The world faces what amounts to a commodity “black swan” across the gamut of primary resources. Oil, gas, coal and the “ags” are all spiralling higher together, with metals catching up fast. It is a systemic stagflation shock, an intractable problem for central bankers. It acts like a war reparations tax on the economies of importing nations and is ultimately contractionary.
Natasha Kaneva, from JP Morgan, said inventories of tradable commodities are critically low and the world is running out of safety buffers. This is a recipe for “non-linear price increases”, she said.
Unlike the West, China is prepared. It has been stocking up for months and holds 84 per cent of the world’s copper, 70 per cent of its corn and 51 per cent of its wheat. “China has bought enormous quantities of US soy in recent weeks,” said Rabobank. One might ask if Xi Jinping knew something in advance.
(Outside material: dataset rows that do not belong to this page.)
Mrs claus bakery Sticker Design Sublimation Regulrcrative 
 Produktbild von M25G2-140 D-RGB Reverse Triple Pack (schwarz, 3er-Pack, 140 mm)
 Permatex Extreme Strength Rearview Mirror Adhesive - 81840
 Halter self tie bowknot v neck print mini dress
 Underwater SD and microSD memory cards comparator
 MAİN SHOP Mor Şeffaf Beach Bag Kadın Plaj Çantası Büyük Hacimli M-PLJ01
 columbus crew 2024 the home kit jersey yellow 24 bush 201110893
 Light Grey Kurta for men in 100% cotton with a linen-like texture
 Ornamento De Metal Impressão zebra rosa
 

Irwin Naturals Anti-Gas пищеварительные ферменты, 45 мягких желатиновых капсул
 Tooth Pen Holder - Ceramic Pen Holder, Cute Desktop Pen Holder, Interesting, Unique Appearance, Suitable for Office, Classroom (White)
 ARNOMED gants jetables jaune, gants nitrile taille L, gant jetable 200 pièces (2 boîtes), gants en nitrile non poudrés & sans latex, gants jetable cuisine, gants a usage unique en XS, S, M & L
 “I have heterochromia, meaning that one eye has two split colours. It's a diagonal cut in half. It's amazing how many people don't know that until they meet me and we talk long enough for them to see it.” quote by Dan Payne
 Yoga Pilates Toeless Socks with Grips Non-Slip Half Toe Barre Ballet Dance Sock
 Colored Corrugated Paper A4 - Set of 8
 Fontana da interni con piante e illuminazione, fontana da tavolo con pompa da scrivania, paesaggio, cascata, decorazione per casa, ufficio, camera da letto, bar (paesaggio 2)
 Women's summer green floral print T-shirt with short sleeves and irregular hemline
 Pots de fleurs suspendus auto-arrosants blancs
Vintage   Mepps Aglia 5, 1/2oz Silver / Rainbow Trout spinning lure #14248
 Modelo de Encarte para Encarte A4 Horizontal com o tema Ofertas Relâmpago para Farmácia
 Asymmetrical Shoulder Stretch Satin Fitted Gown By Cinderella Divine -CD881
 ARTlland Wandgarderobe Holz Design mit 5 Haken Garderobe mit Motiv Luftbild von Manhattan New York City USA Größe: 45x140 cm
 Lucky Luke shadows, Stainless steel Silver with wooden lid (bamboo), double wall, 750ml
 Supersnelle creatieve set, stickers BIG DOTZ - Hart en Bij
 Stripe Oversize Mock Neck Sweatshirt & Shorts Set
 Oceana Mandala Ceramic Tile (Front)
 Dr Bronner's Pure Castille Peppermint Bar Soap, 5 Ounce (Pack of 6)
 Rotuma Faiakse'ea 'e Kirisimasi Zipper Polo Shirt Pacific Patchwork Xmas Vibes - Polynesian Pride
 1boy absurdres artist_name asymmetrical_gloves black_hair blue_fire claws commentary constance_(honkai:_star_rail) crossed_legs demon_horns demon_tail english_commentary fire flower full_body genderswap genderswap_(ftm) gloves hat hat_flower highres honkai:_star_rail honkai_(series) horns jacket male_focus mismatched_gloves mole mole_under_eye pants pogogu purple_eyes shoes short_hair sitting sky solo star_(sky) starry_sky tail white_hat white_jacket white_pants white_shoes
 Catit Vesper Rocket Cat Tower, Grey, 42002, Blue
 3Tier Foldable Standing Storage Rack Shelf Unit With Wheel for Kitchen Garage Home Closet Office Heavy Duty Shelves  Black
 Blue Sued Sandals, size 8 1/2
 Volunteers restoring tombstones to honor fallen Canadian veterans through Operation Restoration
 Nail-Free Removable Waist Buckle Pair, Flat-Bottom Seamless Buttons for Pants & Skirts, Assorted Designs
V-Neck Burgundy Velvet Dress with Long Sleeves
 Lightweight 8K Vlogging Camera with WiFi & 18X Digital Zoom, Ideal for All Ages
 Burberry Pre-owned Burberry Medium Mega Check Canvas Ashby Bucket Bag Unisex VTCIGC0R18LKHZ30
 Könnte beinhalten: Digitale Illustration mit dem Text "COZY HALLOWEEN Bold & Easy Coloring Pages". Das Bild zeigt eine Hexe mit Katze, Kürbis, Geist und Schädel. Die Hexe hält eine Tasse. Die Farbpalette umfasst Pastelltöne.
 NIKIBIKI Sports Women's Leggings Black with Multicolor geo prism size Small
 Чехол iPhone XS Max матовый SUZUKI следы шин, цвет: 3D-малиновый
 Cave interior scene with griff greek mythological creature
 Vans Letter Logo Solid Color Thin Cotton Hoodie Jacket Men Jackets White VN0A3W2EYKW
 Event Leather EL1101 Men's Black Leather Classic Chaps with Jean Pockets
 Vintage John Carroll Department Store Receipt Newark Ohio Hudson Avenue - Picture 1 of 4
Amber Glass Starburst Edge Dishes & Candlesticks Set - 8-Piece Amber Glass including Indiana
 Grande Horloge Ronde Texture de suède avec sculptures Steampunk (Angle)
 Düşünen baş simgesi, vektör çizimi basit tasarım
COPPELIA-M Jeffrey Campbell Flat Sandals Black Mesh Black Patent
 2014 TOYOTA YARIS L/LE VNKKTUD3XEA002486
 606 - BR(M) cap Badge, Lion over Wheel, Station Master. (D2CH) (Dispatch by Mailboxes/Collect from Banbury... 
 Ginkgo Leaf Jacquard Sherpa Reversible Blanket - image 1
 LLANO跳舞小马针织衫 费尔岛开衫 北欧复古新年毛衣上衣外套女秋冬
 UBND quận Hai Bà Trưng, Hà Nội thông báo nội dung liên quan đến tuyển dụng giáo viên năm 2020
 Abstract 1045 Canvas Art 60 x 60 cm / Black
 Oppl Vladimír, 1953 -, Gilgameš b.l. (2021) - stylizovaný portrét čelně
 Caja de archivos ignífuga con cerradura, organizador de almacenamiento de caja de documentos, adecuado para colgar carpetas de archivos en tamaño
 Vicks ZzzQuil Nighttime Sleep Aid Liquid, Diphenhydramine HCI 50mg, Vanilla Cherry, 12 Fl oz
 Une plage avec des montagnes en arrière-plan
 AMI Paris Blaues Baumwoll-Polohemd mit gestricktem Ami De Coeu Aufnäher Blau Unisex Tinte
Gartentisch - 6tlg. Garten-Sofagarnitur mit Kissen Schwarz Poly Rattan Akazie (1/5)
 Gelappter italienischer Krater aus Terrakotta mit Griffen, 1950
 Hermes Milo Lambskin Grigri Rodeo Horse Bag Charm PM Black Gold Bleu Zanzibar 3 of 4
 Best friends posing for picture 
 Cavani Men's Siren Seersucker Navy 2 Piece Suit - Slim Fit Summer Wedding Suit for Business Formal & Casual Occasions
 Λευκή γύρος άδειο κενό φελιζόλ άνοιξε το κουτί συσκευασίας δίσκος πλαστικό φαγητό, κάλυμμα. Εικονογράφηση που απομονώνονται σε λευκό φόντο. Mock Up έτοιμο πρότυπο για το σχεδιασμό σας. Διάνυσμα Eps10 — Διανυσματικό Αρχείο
Record food commodity prices are an ordeal by fire for some 45 poorer countries that rely heavily on food imports: the Maghreb, the non-oil Middle East, swathes of Africa, Bangladesh or Afghanistan. The World Food Programme warned of “catastrophic” scarcity for several hundred million people last November. The picture is worse today.
‘I have never seen anything like it in 30 years [...] The situation is just awful and at some point people are going to realise what may be coming. We’re all going to have to tighten our belts, and the mood could get very nasty [...].’
Energy and farm commodities are interlinked. Natural gas is a feedstock for fertiliser production in Europe, and lest we forget, Russia and Belarus together account for a third of the world’s exports of potash. Rocketing oil prices are driving a switch to biodiesel in south-east Asia, further tightening the global market for vegetable oils.
Roughly a third of world exports of barley come from Russia and Ukraine combined, 29 per cent of wheat, 19 per cent of maize, as well as 80 per cent of sunflower oil. Much of this is usually shipped through the Black Sea ports of Odesa, or Kherson - scene of hand-to-hand street battles until it fell on Wednesday - or Mykolaiv, where a Russian missile hit a Bangladeshi-flagged bulk carrier this week and killed one of the crew.
“Loading is at a standstill. It is not just the ports: you can’t get a ship in there. Nobody wants to get stranded,” said Mr Abbassian. Lloyd’s List reports that the northern Black Sea and the Azov have been declared “warlike operations areas’, implying double pay for crews, if you can get them.
Putin’s energy shock is becoming a world food crisis. Brace for rationing.
Shortage of grain and other agricultural commodities means a billion of the world’s poorest people will go even hungrier thanks to Putin’s deranged misadventure, and some will starve. Our next moral mission is to help them.